Notice that in this instance you have much less data for that specific point
(5 years worth of data to be exact).

In [None]:
# Plot the data just like you did above
f, ax = plt.subplots(figsize=(12, 6))
temp_2000_2005.plot.line(hue='lat',
                         marker="o",
                         ax=ax,
                         color="grey",
                         markerfacecolor="purple",
                         markeredgecolor="purple")
ax.set(title="A 5 Year Time Series of Temperature Data For A Single Location")
plt.show()

## Convert Subsetted to a DataFrame & Export to a .csv File

Similar to what you did above, you can also convert your data to a DataFrame. Once your data are in a 
DataFrame format, you can quickly export a `.csv` file.

In [None]:
# Convert to dataframe -- then this can be exported to a csv if you want that
temp_2000_2005_df = temp_2000_2005.to_dataframe()
# View just the first 5 rows of the data
temp_2000_2005_df.head()

In [None]:
# Create filename from subset info
file_name = "monthly-temp-" + start_date + "-" + end_date + ".csv"
file_name

In [None]:
# Export to a csv file to share with your friends!
temp_2000_2005_df.to_csv(file_name)

## Slice The Data Across a Spatial Extent For A Specific Time Period

In the above example you sliced out a subset of the data for a specific
point location over time. Below you select 
data for the entire CONUS (Continental United States) study area and analyze it 
as a spatial raster object.

Once again you use `.sel()` combined with `slice()` subset the data. 
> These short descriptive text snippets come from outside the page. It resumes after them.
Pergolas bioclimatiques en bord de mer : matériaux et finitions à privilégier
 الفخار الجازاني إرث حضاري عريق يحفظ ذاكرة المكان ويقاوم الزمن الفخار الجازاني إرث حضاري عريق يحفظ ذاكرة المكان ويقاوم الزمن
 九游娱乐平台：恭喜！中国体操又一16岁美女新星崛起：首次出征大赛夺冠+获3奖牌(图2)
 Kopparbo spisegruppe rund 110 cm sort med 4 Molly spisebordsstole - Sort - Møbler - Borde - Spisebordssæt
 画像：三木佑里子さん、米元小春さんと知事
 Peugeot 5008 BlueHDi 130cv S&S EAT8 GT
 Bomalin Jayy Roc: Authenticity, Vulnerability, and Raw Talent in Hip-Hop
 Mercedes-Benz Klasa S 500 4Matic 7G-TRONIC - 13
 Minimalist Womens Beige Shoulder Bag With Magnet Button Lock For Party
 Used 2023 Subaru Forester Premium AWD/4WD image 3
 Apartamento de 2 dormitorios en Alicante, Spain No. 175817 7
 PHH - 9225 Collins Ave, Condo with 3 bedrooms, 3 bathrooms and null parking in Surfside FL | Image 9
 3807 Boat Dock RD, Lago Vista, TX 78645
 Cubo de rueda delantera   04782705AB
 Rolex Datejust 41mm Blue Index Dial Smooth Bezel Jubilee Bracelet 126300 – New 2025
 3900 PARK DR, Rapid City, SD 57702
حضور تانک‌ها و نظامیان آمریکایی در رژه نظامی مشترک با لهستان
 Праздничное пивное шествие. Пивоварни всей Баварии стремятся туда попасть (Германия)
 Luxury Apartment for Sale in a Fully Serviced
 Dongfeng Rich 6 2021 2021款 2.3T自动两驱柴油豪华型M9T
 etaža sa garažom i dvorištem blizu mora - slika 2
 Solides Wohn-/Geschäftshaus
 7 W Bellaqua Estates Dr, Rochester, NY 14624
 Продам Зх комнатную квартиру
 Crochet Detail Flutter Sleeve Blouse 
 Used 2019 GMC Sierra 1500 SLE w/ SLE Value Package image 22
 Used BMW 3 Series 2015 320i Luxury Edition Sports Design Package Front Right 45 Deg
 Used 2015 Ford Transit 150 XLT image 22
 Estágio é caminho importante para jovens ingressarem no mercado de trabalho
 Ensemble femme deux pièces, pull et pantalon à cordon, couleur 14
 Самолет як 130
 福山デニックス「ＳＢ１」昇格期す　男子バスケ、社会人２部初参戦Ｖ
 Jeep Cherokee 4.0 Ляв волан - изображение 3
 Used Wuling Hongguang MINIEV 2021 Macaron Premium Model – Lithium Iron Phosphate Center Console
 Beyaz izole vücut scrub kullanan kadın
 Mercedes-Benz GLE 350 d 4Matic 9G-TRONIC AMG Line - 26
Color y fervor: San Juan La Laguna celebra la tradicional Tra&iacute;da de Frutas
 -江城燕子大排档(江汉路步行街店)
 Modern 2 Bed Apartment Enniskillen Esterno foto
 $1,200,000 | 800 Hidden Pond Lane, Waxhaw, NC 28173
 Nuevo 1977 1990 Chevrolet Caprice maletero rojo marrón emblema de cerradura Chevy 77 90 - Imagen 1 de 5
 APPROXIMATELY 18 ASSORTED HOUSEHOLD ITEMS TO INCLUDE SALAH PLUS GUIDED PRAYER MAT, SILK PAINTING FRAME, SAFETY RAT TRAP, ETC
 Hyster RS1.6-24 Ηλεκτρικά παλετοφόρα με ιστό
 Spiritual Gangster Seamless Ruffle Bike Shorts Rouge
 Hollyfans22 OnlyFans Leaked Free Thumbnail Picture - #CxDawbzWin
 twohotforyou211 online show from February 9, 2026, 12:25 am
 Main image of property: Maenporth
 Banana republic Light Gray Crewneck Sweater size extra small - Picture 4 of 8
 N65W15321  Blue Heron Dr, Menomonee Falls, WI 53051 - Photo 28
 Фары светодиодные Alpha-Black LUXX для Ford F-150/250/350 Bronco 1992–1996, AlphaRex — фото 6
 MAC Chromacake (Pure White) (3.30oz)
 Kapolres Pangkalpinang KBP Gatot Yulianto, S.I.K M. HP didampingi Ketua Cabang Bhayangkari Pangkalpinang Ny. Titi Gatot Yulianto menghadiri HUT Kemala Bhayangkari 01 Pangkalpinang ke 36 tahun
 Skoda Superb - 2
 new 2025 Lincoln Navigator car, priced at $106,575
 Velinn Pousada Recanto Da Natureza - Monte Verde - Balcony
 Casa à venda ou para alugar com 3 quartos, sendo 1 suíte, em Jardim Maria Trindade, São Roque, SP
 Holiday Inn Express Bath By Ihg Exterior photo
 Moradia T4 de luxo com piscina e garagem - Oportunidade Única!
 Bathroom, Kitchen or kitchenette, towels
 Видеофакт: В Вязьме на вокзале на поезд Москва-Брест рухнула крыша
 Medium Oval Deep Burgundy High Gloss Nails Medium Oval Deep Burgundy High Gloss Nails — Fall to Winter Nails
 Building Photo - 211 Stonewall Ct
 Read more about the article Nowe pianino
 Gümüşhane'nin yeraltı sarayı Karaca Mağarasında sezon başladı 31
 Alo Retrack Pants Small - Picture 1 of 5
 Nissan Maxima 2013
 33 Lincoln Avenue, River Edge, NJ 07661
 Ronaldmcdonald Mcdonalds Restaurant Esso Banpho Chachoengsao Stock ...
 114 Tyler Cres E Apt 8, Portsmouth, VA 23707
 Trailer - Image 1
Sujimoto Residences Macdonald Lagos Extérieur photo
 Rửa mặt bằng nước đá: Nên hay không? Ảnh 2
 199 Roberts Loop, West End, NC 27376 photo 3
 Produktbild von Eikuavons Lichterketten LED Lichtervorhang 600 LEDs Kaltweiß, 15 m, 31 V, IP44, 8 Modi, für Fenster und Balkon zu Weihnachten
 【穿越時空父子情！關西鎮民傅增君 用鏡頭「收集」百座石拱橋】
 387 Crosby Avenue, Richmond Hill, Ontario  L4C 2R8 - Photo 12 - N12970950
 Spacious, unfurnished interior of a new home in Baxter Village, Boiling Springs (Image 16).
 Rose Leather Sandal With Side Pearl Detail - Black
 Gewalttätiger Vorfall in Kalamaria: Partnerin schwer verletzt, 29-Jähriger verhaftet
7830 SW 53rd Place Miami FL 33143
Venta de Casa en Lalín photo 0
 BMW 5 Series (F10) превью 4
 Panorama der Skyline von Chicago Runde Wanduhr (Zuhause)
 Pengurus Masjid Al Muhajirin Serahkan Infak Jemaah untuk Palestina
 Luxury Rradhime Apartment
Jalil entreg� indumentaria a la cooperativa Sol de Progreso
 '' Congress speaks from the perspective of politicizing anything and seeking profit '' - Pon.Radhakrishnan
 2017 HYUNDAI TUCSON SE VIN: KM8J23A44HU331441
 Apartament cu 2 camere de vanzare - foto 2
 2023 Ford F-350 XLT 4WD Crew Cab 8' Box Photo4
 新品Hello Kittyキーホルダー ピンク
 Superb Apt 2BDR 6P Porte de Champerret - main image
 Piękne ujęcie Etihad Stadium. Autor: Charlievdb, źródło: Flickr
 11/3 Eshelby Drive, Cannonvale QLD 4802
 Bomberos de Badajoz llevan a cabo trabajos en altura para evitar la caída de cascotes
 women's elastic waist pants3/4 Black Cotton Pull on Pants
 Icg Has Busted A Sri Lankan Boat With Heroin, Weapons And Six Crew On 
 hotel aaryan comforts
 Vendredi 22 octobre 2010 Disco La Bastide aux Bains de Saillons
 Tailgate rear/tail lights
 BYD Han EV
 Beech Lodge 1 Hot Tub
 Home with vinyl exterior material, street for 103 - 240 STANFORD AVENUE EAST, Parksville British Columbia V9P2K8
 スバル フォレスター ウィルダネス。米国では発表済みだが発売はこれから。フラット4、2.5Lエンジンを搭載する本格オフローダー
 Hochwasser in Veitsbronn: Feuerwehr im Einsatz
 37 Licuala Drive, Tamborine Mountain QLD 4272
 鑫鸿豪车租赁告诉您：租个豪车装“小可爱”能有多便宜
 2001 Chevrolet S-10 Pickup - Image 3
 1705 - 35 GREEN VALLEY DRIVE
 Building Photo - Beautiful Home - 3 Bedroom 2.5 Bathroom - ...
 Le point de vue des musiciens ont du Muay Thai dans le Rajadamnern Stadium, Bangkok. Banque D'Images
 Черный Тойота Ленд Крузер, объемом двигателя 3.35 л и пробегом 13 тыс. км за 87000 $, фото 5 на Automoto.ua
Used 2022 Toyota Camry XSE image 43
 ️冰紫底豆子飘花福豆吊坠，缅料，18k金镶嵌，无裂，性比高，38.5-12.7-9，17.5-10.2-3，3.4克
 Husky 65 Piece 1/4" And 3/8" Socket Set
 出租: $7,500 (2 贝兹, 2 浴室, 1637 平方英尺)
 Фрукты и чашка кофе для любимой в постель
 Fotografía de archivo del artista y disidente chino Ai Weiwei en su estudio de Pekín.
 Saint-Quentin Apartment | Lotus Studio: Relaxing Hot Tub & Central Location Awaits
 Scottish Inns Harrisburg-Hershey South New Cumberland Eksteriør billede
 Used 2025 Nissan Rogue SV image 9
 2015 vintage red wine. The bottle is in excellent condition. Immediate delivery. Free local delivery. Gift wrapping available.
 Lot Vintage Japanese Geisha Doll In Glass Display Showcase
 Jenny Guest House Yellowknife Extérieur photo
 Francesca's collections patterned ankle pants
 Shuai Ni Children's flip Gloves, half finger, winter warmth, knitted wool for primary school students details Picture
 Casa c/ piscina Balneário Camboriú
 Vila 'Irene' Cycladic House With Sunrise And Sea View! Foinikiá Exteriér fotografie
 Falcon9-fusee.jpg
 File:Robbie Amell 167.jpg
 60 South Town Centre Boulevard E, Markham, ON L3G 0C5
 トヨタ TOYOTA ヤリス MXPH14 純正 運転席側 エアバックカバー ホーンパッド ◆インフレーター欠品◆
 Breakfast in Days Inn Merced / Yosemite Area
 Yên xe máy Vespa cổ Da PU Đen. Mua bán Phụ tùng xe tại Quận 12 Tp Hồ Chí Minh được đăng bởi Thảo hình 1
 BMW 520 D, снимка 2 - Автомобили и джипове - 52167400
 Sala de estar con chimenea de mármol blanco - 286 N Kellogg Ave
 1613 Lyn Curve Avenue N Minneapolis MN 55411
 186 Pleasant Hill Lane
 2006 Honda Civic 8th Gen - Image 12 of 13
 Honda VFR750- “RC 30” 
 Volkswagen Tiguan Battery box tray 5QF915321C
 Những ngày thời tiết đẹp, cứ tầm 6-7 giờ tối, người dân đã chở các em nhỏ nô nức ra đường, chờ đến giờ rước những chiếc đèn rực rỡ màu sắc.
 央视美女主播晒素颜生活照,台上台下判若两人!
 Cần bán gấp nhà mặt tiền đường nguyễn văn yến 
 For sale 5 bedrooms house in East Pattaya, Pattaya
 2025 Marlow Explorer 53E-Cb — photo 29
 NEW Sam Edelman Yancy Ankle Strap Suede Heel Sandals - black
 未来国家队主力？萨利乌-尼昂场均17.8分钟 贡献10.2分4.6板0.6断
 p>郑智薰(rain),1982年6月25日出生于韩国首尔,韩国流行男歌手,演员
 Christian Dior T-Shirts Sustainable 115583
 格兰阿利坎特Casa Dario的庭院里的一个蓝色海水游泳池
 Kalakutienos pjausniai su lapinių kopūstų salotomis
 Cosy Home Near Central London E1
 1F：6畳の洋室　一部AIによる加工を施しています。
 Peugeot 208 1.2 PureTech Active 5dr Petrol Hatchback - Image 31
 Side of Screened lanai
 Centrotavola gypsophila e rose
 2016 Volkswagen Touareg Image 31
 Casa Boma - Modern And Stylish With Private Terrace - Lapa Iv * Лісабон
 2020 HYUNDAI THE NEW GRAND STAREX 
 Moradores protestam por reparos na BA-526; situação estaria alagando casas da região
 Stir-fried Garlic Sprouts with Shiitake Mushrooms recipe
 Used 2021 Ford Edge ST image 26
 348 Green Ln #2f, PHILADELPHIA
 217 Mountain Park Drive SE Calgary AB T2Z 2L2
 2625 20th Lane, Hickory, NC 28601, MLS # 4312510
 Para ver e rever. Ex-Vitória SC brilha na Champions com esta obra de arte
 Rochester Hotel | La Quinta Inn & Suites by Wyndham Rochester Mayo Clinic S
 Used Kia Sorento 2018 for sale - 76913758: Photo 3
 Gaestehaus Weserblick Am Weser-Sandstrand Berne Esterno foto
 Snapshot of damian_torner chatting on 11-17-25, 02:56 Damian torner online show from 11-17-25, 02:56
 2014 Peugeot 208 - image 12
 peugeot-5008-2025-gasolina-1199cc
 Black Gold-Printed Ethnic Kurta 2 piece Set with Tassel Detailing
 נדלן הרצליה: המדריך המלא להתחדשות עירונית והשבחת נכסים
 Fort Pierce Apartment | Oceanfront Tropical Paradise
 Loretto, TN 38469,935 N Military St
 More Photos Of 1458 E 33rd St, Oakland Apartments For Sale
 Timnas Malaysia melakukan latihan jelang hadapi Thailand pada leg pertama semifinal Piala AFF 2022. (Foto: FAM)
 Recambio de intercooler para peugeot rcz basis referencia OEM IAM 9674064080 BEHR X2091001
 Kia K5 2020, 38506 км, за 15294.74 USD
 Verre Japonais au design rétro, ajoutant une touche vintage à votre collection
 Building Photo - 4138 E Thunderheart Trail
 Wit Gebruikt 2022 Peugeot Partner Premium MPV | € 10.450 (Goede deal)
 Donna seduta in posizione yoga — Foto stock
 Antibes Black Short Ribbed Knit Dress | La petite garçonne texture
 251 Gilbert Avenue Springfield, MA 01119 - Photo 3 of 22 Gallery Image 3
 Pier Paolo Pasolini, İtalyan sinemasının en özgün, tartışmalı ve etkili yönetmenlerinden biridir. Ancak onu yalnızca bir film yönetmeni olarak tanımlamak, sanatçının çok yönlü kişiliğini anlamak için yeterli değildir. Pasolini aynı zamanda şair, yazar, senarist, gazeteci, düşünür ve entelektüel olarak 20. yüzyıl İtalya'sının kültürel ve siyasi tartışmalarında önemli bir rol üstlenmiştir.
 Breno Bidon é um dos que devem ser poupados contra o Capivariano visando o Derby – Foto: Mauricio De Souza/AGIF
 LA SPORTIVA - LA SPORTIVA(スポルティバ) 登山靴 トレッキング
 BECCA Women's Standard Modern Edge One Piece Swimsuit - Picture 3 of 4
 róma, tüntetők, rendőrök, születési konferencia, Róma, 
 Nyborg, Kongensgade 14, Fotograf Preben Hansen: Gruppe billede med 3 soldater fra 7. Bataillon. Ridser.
Notice below that if you don't specify the lat and lon extent, 
it will by default return all of the pixels available in the data for the 
specified time period.

Notice that you are plotting the entire spatial extent of the data which is 
in this case called CONUS (**CON**tinental **U**nited **S**tates)

In [None]:
start_date = "1950-01-15"
end_date = "1950-02-15"

two_months_conus = max_temp_xr["air_temperature"].sel(
    time=slice(start_date, end_date))
# Notice that time has a value of **2** below representing two time steps or months worth of data
two_months_conus

In [None]:
two_months_conus.shape

The default return when you plot an xarray object with multipple years worth of 
data across a spatial extent is a histogram.

In [None]:
two_months_conus.shape

When you call `.plot()` on the data, the default plot is a 
histogram representing the range of raster pixel values in your data 
for all time periods (2 months in this case). 

In [None]:
# Directly plot just a single day using time in "years"
two_months_conus.plot()
plt.show()

## Spatial Raster Plots of MACA v2 Climate Data
If you want to plot the data spatially as a raster, you can use 
`.plot()` but specify the lon and lat values as the x and y dimensions 
to plot. You can add the following parameters to your `.plot()` call to 
make sure each time step in your data plots spatially:

`col_wrap=2`: adjust how how many columns the each subplot is spread across
`col=`: what dimension is being plotted in each subplot.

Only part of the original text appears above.